=== Begin Enclosure ===

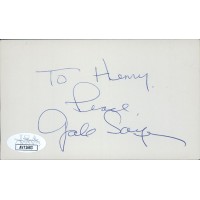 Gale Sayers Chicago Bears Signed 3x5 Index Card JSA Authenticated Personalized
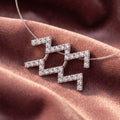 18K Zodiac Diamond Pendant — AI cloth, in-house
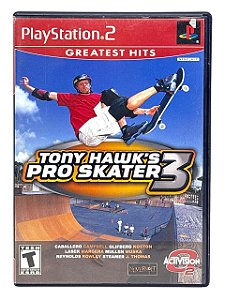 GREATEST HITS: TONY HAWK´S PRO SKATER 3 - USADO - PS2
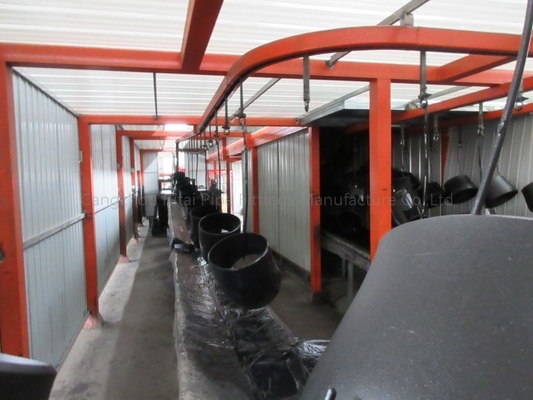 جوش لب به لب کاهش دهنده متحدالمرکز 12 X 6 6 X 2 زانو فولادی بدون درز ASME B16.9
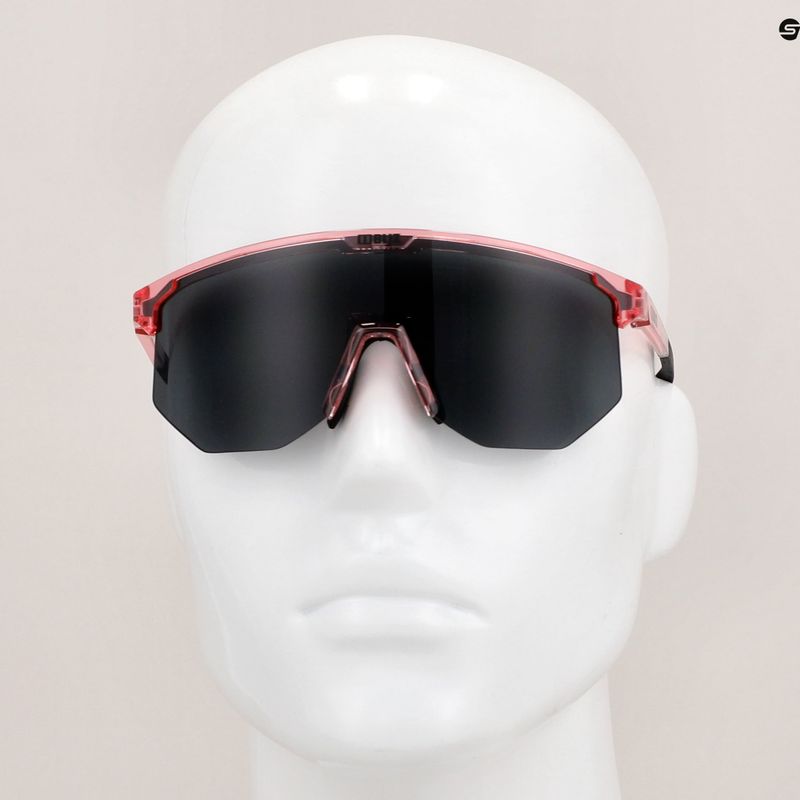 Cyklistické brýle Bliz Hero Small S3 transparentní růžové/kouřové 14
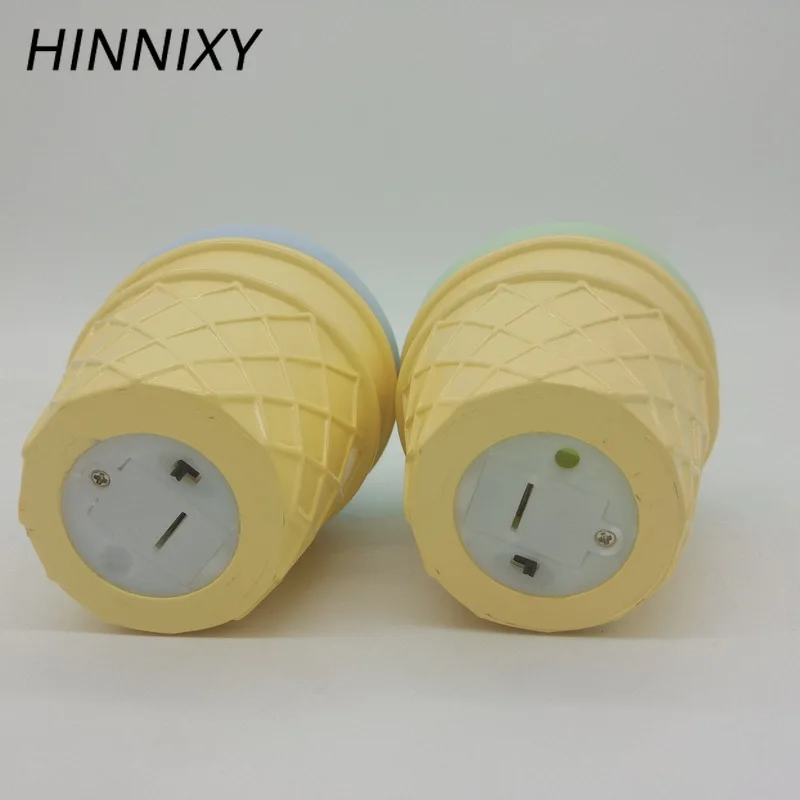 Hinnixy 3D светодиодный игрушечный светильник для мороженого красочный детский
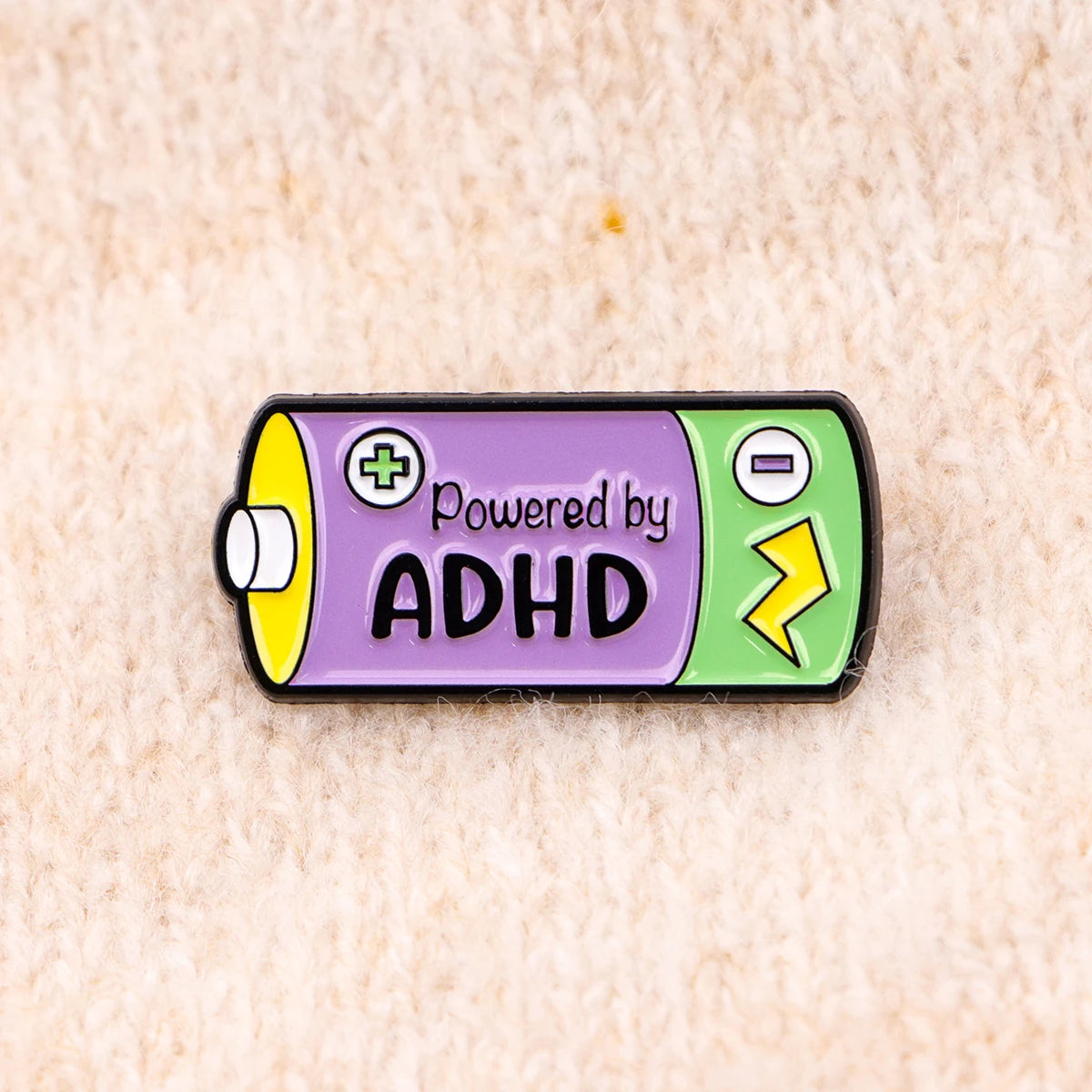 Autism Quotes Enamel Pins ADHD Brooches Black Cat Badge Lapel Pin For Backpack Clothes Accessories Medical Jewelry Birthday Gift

=== End Enclosure ===

» Exercise brief
Output the data above in full and exactly, with every image left out.

» Solution to the exercise
 Gale Sayers Chicago Bears Signed 3x5 Index Card JSA Authenticated Personalized
 18K Zodiac Diamond Pendant — AI cloth, in-house
 GREATEST HITS: TONY HAWK´S PRO SKATER 3 - USADO - PS2
 جوش لب به لب کاهش دهنده متحدالمرکز 12 X 6 6 X 2 زانو فولادی بدون درز ASME B16.9
 Cyklistické brýle Bliz Hero Small S3 transparentní růžové/kouřové 14
 Hinnixy 3D светодиодный игрушечный светильник для мороженого красочный детский
 Autism Quotes Enamel Pins ADHD Brooches Black Cat Badge Lapel Pin For Backpack Clothes Accessories Medical Jewelry Birthday Gift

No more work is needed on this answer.